This is a test with almost a hundred years of real-world experience. You’re going to brush off the metric that informed a very many 20th-century college admission decisions to ask what Katie knows about the Hundred Years’ War. I say stay the course. Henry Kissinger, Ted Kaczynski, Sumner Redstone: what’s the matter with those guys?
You see, Fitz, we live in an age bereft of precision: full up with fuzzy numbers and cotton-ball platitudes. There’s a reason I get a feeling of cold comfort just off a plane in Zurich, and it’s not that I once placed second in my high school’s telemark giant slalom at the Snow Bowl. No, it’s because the Swiss lay it all on the table so meticulously, whether the question is “what time is the train coming?,” “how much is that scone?,” or, “how much Nazi gold do you guys have?”
If only you were Swiss, Fitz. This plan would rob me, and my rival No-Child-Left-Behind babies, of the last concrete and objective number we had to work toward in our endless upward crawl toward your door. Now we have to “focus on our subjects in school,” un-enroll from our 2009 Kaplan summer camp, and start Googling “micro-finance.” We aren’t all St. Francis, Fitz; plus that Kaplan deposit’s paid.

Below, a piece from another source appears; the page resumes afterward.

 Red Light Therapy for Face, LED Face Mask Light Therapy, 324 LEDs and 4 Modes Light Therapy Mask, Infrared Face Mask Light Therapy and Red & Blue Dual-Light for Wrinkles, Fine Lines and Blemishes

You remember how it used to be, in those golden, Unabomber days. If your name was on a building, or if you were poor but knew an oarsman from a coxswain, you were in—as long as you were a white male without a “problem name.” Sure, we’ve been knocking down barriers like it’s going out of style ever since, but this is a slippery SAT II slope you’re skipping down. Know where it ends? Sex weeks, Richard Alpert, and lecturers who grade with “sad faces.” It’d be like the lower school at Milton Academy, or Brown. You’d be laughingstocks without your army of 1600-scoring—excuse me, 2400-scoring—cyborgs.
What would you like from me? Don’t tell me to “be myself,” like you’re not going to accept one out of every 12 people next year. There isn’t a program that guarantees it’ll teach you to be in the top decile of all people, generally. (Is there? Is that what Scientology is?)
I wish the world were a different place. I’d like to go on vacation, go and romp and play—just, do that. But I can’t, because I’m busy, preening my CV or illustrating my libretto. And it’s all for you, Fitz. Give me something to work with here, something substantial—none of this “well-rounded” hogwash. Something as knowable and measurable as the $20 bill taped to the inside of this envelope.
James M. Larkin ’10, a Crimson associate editorial chair, is a social studies concentrator in Quincy house.